The Family that Went to War is both a family memoir and a history of the people of the state of New South Wales, Australia. The author, Gordon Smith, gives a well-documented account of six members of a family from Cootamundra, NSW, who enlisted into the First Australian Imperial Force (1st AIF) at the onset of World War I. His research in historical archives, newspapers, and memorial societies is well done. The accounts of war and details of each man's deployment presumes that he also had their war diaries and letters from home to draw on for detail.
The Commonwealth of Australia was still a young country, having formed a federation just over a decade previous. Australians still regarded Britain as their mother country, and when war broke out, Australia's Prime Minister declared support for Great Britain and formally entered the Great War. Six members of the author's family enlisted to fight the German army. He tells each man's story with informative passages about the region they are in, the larger picture of the war that raged around them, and then brings it back down to the trenches where the soldiers fought. Smith's details regarding ships, armaments, shortages and hardships, and other details of the soldiers' experiences in Egypt and France will be of great interest to readers fascinated by World War I or the contribution of Australia to the Great War.

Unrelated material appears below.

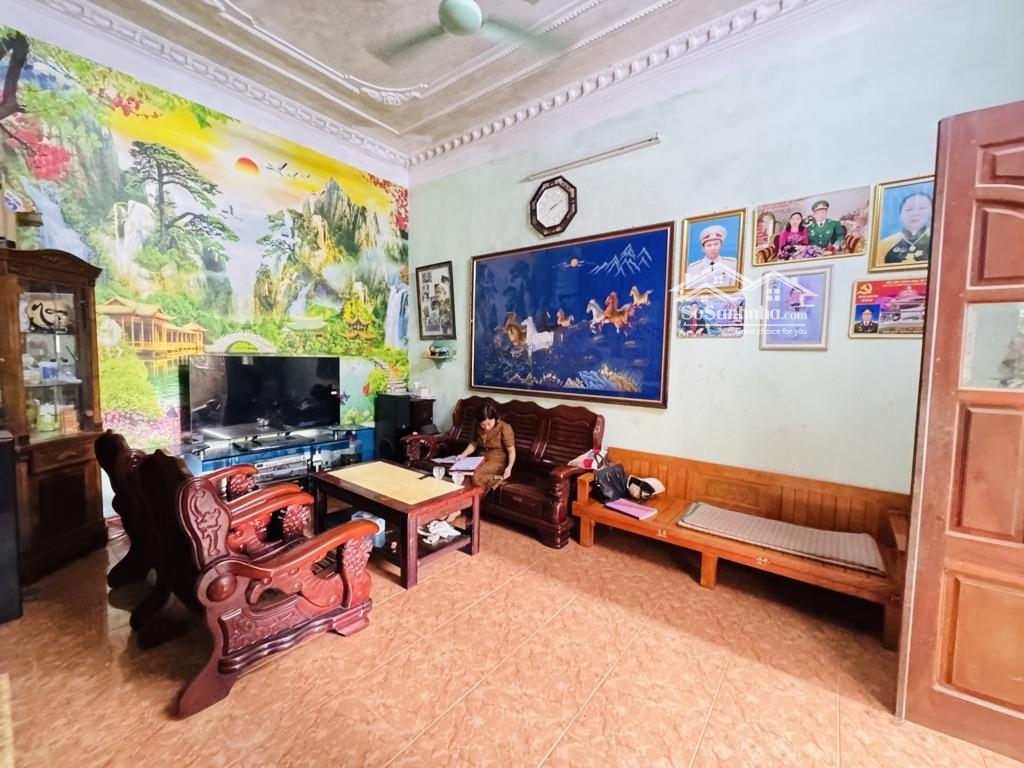 Phạm Văn Đồng - Hiếm - 65M 4 Tầng Mặt Tiền 7M - Ô Tô Vào Nhà - Nhà Dân Xây Chắc Chắn 11,8Tỷ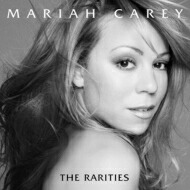 Mariah Carey マライア・キャリー Greatest Hits 2CD Amazon.co.jp: Greatest Hits: ミュージック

One such detail is in the account of Austin Schofield's experience at Gallipoli. A water shortage, bad weather, and devastating losses motivated the British combined forces to evacuate. In order to safely evacuate, they used subterfuge to trick the Turkish forces into thinking they were still there.
Periscopes were to be propped up, and every effort was to be made to create the impression that the trenches were still fully occupied. ... When it was time to finally abandon the trenches, Austin was to help set up some remote firing devices to fire some rifles to keep the illusion that the trenches were occupied. Some rifles had string tired to the trigger and a candle burning until it reached the string. The rifle would then fire.
Though the author writes with detachment, the stories of these soldiers in the midst of historic battles give a glimpse into the life, and death, of Australian soldiers. I was particularly interested in the account of William Power, fighting on the Western Front at Fromelles France. The losses to the Australian forces were described as, "the worst 24 hours in Australia's entire history". Though the account is given in a very matter-of-fact manner, it's hard not to sympathize with the Australian soldiers.
The biggest drawback of this book was a simple case of bad editing. In one case, the name of an Egyptian city is spelled three different ways on the same page. Punctuation is inconsistent and made some passages difficult to understand and hard to follow.
Overall, I think the author has done a fine job documenting both his family history and military history. Despite the dry, academic tone of the account, there are moments of humor and humanity that shine through.